But it seems highly doubtful that these measures alone will be enough to enable many providers to continue to pay their bills and staff.
Not all childcare providers offer government-funded childcare. Those that don’t will miss out from the continuation of funding that’s been promised. One-in-10 private and voluntary childcare providers, and one-in-five childminders, do not currently offer the childcare entitlement of 30 hours per week for working parents. They are now immediately under threat.
Even for those childcare providers who do offer free entitlements, the funding accounts for only a proportion of their revenue, which will vary between providers.
This means that, even with the continuation of funding from the government, providers will be left without a significant chunk of their income, while incurring most of their costs. This is simply not sustainable.
The government must act now
These costs may be largely unavoidable in the short term, with the government prudently prioritising the care needs of the children of key workers, such as NHS staff.
No date has yet been given when schools and childcare providers might reopen. However, the government risks closing childcare providers permanently if it does not act fast with measures to guarantee their financial stability.
Meanwhile, childcare providers face an endless stream of practical issues in the coming weeks.
First, the government’s guidance about who counts as key workers remains unclear, leaving it to individual providers to make difficult decisions about which children they can accept or not.

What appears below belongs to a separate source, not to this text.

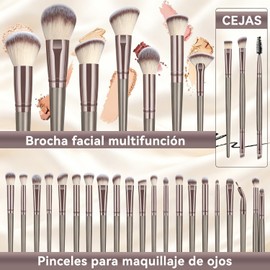 Set De 52 Piezas De Utensilios De Maquillaje,Que Incluye 30 Pinceles Y Esponjas De Maquillaje,Con Bolsa De Almacenamiento De Felpal,Set De Pinceles Multifuncionales, Ideal Para Viajar Y Para El Uso Diario (Champán)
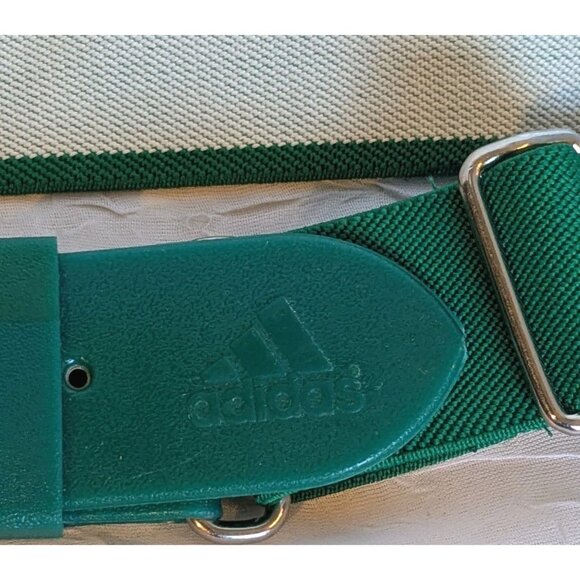 ADIDAS Womens Belt Sporty  Green Stretch Canvas Adjustable Retro Sz Small Preppy - Picture 2 of 15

Second, recent supermarket shortages of food and other basic provisions like nappies mean that childcare providers are struggling to offer children the basics. As with other service providers, childcare providers cannot operate unless supply chains run effectively.
The government must act now to give childcare providers the security afforded to schools.
Failure to get the right response in this critical period may mean that, when the education secretary announces that education settings are to open again, there may be few childcare providers left for families to return to.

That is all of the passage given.